Let’s be clear on the issue, here. Let’s imagine you are a school administrator tasked with enforcing the dress code. The code, and your enforcement thereof must, according to the constitution, be content-neutral. There are some limitations on this. For example, the court’s have held that schools can remove students whose speech content is disruptive to the learning process of other students. (You can say “fuck you” to the cops all day long but you can’t say that to a teacher during class.)
So, you are the school admin. You have a clear policy about what may and may not be worn to graduation. This is obviously put in place to avoid the extreme cases like people wearing pornographic images or swastikas on the gowns or taping the words “boing boing headline writers are becoming click baity cunts” on their hats.
Then imagine that this student, having been given a clearly-written set of rules about graduation attire, shows up in this clearly non-conforming attire. Note that the student never approached you before the ceremony and tried to work with you to figure out a way to accomplish his goals while not putting you between a rock an a hard place. Instead, he ambushes you with non-conforming attire and you may or may not know if it has any special meaning to anyone, nefarious or positive. (Another reason for dress codes: we can’t all know what every symbol means so instead of being subject to any given teacher’s ignorance, let’s just not let anything through.)
What do you do? If you let him participate, you open yourself to a discrimination lawsuit if you later tell the kid with the swastika (or the cross or Star of David or any other symbol) on his stole that he can not participate. If you don’t let him through, you are called “thug” and “racist” by websites like this.
From a legal advice standpoint, any attorney will tell you that you must try to enforce the code consistently, regardless of the content of the non-conforming attire, to protect yourself from discrimination lawsuits when you try to enforce the rule on future rule-breakers. (Note that this assumes that you agree with the law up to and including the Constitution.
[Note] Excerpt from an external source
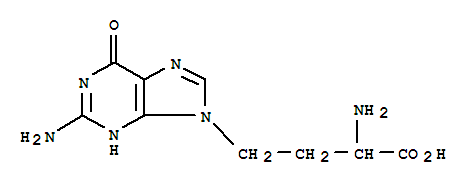9H-Purine-9-butanoicacid, a,2-diamino-1,6-dihydro-6-oxo- cas  25643-92-9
If you don’t then you have a different argument.)
This first step was exactly the right thing to do: they pulled the student aside and informed him that he was violating the rule and that he needed to remove the non-conforming attire. The student, once informed…yet again…of the rules, refused.
So how do you go about trying to deal with this awful choice that this student has put you in? You need to enforce the rule or open yourself to future lawsuits, but the rule says you can’t let him participate. What the story does not clarify is if the rule specifies HOW you are to Prevent him from participating. I am willing to bet it doesn’t as organizations that have to deal with this types
of thing want to keep their options open and react based on the circumstances. THAT is likely the problem.
From a “don’t open yourself to future suits” standpoint, the best thing to do would be to halt the proceedings and call the cops right away and have the student removed for trespassing before he walked the stage.
That is obviously very heavy handed.
A more reasonable way would have been to pause the proceedings, tell the person calling names to skip this student’s name unless the student removed the garment. That way, the student would have to take it upon himself to go across the stage without being called and looking like the jackass. But it avoids the cops.
Here, however, the administration chose the worst of both worlds. They let him walk a and THEN had the cops remove him.
The school district needs to publish instructions for how to deal with students like this in the future. It is not enough to tell some poor person earning way less than she should be earning for being a teacher that she must not let a student participate. They need to give very explicit instructions on how this is to be achieved. Basically, the school district has a reasonable rule given the law but wants to have their cake and eat it, too. Thus, they throw middle-management under the (school) bus.
Was this an over-reaction? Yes. Did it have ANYTHING to do with race? Nothing in the record indicates this. Does it have everything to do with school districts not being willing to give their employees explicit rules on how to handle students that put them in these situations? Yes.
Stop with the bullshit headlines and faux offense. There is more than enough injustice in the world than to worry about one smart kid who decided the rules didn’t apply to him and didn’t reach out to the school beforehand.
PS: if you, instead, think that there should be no such things as school dress codes or limits on speech in schools, that’s a different discussion. One that still has nothing to do with this bullshit headline.